What you have to do: Please output exactly the lines below, starting at the line that has "Fortnite : Étoile" and ending at the line that has "Suzuki V-Strom 800 / High performance!", both included; leave out all pictures and include nothing else.

Records for this task:
*** Block opens ***

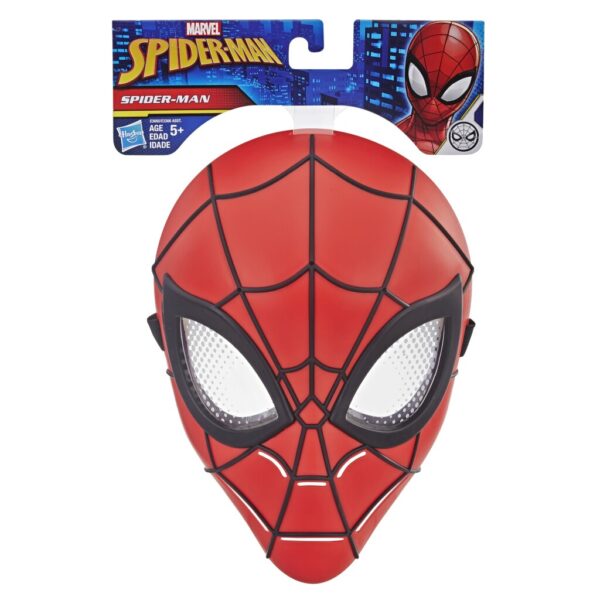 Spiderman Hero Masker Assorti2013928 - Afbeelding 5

*** Block closes ***
*** Block opens ***

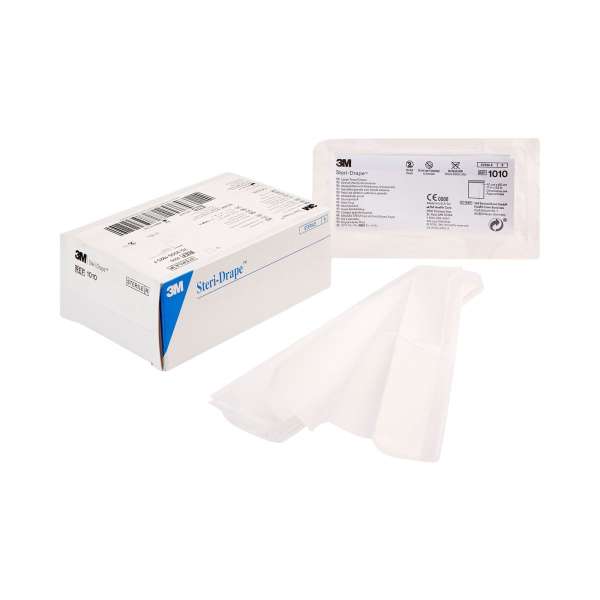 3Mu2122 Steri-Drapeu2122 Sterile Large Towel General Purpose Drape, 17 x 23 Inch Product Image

*** Block closes ***
*** Block opens ***

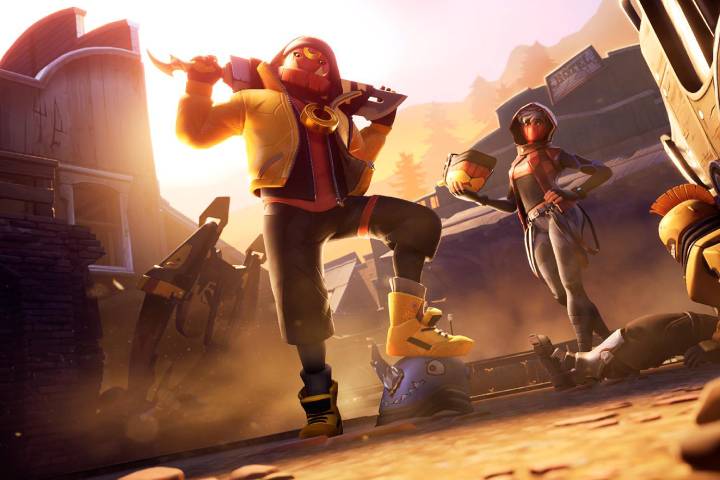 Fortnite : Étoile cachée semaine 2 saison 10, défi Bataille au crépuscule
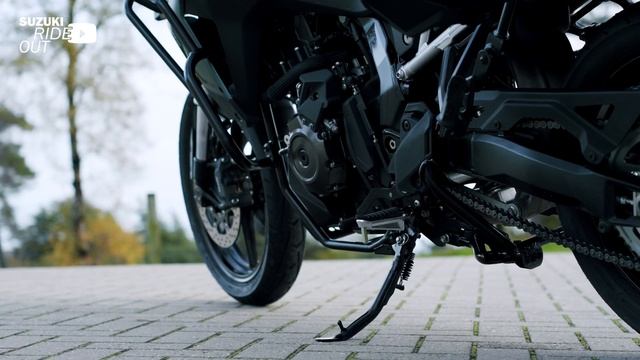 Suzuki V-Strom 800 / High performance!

*** Block closes ***

Response for this exercise:
 Fortnite : Étoile cachée semaine 2 saison 10, défi Bataille au crépuscule
 Suzuki V-Strom 800 / High performance!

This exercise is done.